What you should do:
Your copy of the entries below should hold exactly the lines from the one containing "It's Dragon statue" to the one containing "Celeste L/SLV Shirt", inclusive, and no pictures.

Data extract:
Segment Open
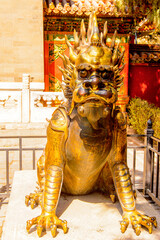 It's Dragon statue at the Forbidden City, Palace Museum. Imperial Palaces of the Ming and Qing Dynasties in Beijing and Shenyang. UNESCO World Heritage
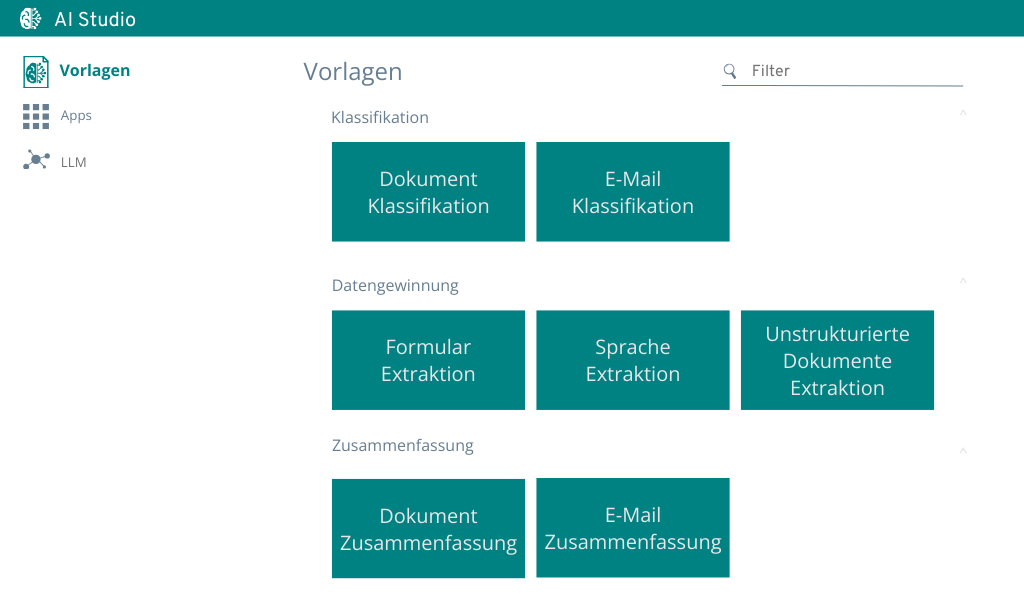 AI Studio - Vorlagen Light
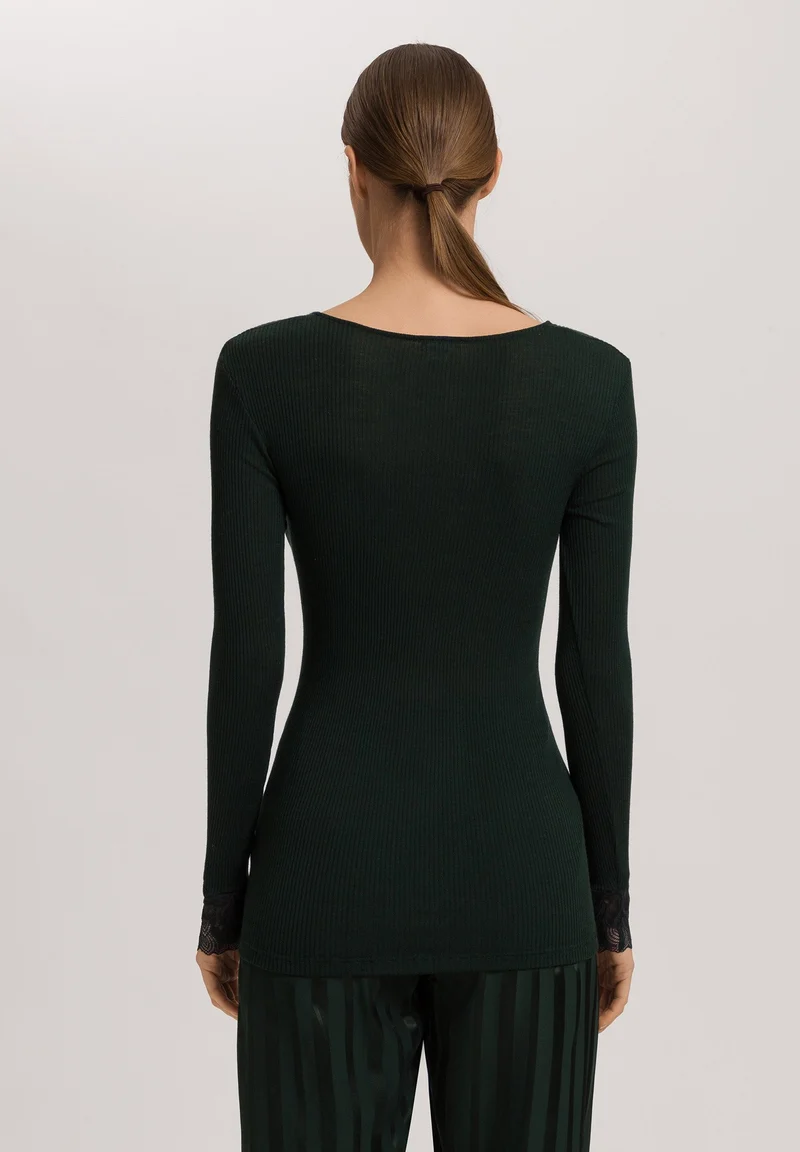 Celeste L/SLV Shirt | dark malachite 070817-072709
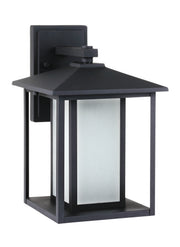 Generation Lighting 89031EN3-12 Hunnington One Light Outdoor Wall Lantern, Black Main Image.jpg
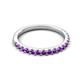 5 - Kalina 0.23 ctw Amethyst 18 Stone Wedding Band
Segment Closed
Segment Open
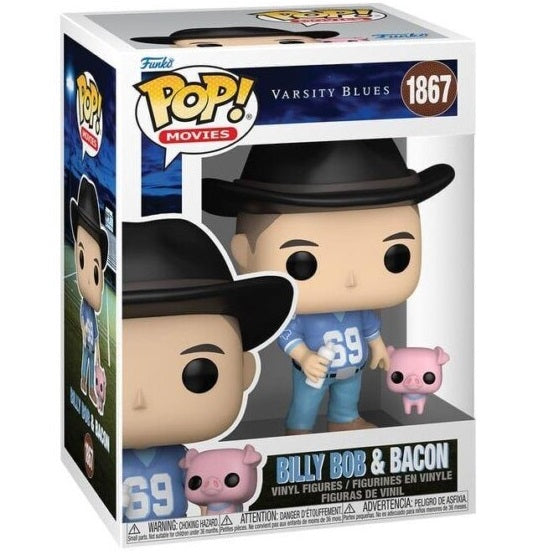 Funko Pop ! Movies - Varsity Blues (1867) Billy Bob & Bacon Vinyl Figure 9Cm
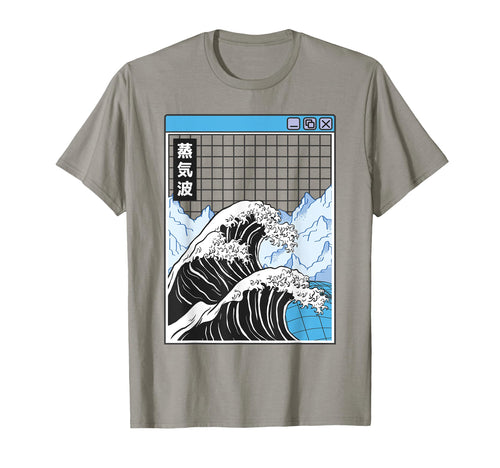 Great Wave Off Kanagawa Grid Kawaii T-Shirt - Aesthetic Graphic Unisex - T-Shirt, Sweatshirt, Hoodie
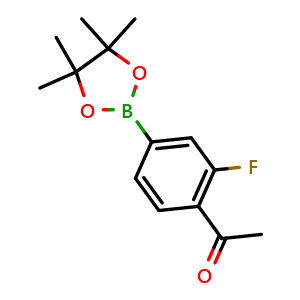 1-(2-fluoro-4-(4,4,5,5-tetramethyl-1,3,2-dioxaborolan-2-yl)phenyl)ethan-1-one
Segment Closed
Segment Open
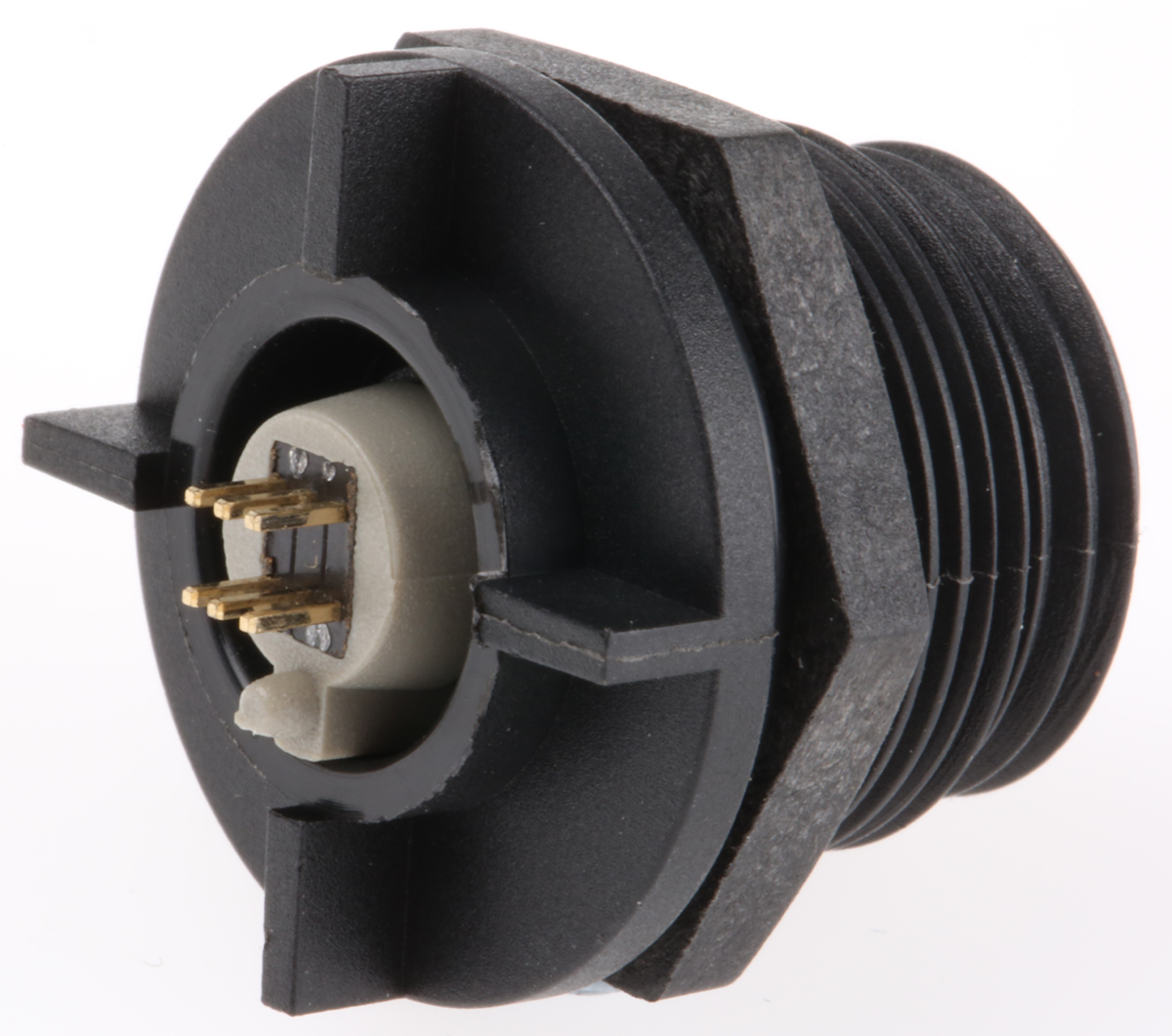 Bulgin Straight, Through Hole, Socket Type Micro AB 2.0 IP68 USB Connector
Segment Closed
Answer box:
 It's Dragon statue at the Forbidden City, Palace Museum. Imperial Palaces of the Ming and Qing Dynasties in Beijing and Shenyang. UNESCO World Heritage
 AI Studio - Vorlagen Light
 Celeste L/SLV Shirt | dark malachite 070817-072709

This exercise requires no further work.